**Work instructions**
Locate the line containing "1201 Ralston Street" in the material below; repeat it and every line after it, exactly as written.

**Input**

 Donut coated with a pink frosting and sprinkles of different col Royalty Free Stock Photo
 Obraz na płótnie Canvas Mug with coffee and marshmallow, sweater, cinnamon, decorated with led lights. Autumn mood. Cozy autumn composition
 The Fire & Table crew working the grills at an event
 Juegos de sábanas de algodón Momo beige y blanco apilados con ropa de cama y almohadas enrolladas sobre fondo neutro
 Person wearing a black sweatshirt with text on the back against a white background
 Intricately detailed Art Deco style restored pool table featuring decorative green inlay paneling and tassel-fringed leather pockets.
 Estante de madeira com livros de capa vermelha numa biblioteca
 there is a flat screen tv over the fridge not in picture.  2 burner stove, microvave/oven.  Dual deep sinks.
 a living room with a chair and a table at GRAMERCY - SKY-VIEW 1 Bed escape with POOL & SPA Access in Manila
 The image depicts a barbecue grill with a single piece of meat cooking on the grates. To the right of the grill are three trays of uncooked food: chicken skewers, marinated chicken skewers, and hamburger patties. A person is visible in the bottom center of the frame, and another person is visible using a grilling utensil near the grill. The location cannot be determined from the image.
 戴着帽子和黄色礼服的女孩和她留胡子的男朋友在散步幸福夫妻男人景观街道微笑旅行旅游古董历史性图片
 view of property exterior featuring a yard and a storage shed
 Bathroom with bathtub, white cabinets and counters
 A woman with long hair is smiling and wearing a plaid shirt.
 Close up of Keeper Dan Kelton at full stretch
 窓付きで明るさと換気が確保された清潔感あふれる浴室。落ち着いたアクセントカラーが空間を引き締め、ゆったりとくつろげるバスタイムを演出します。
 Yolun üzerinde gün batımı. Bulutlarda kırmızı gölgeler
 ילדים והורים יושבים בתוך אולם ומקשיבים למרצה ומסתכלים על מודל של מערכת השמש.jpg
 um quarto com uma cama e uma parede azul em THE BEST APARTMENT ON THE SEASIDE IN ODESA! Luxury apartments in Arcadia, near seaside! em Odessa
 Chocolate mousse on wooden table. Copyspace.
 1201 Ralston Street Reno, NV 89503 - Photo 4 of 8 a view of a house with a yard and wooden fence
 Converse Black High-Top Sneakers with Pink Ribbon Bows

**Answer to the problem**
 1201 Ralston Street Reno, NV 89503 - Photo 4 of 8 a view of a house with a yard and wooden fence
 Converse Black High-Top Sneakers with Pink Ribbon Bows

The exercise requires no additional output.